Also bin ich heute raus an die Straße gegangen. Es hat mich einige Überwindung gekostet, aber jetzt im Nachhinein bin ich mir sicher, dass es eine gute Entscheidung war.
Entgegen meiner Befürchtungen bin ich kein einziges Mal angepöbelt worden. Im Gegenteil, die Leute haben sich ganz offensichtlich gefreut, mich auf der Straße zu sehen. Viele kamen zu mir und haben kurz mit mir geredet. Manche Gespräche waren einfach nur nett, andere tief, und einzelne zutiefst berührend. Immer wieder haben mir Menschen gesagt, wie schön es ist, dass ich draußen stehe. Und ich habe mich sehr gefreut an der Buntheit und Vielfalt der Menschen und an ihrer Freude. In dieser Buntheit kommt mir Gott entgegen, und ich bewundere den Mut, mit dem heute viele unterwegs waren.
Etliche haben mich gefragt, ob ich den CSD denn gut finde und das Anliegen unterstütze. Darauf habe ich ehrlich geantwortet, dass ich die Anliegen nicht teilen kann, aber mich an den Menschen freue. Ich glaube wirklich, dass das die Aufgabe ist, die wir als Kirche haben: zuerst die Menschen zu lieben, und dann Rede und Antwort zu stehen. Jetzt im Nachhinein denke ich, dass heute für einige Menschen so etwas wie Versöhnung geschehen ist: Einer hat fast geweint, als er mich gesehen hat, kam her, hat mich gefragt, ob er mich umarmen kann, und fast nicht mehr losgelassen, alles ohne ein Wort. Jemand anderes hat mir von dem Schmerz erzählt, der ihn wegen seiner sexuellen Orientierung seit Jugend begleitet. Und immer wieder kamen Menschen, die mich einfach umarmen wollten.
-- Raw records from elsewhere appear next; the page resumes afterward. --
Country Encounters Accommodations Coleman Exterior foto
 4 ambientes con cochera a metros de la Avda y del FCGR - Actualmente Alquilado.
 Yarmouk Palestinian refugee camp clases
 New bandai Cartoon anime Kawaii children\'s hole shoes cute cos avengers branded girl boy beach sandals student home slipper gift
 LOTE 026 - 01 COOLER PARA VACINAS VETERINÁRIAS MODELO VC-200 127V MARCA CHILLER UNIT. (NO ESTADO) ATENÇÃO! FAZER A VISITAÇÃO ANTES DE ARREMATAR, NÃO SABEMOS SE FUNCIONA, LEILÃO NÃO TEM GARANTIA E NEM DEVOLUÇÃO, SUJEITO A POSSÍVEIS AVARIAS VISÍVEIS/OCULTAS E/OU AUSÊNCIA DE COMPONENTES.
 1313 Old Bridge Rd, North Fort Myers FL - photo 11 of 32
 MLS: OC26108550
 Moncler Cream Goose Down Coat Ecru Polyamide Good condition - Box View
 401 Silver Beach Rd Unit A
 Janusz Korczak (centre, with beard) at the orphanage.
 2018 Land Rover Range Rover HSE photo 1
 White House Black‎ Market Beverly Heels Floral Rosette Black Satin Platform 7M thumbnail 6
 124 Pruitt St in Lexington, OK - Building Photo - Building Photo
Ich bin immer noch ganz berührt von all diesen Begegnungen. Mir ist heute Gott begegnet, völlig unerwartet, aber so deutlich, dass ich daran nichts rumdeuten kann. Er stand mit mir am Straßenrand, und er war mitten dabei beim CSD. Heute ist ein Stück Heilung und Versöhnung geschehen, und dafür bin ich zutiefst dankbar.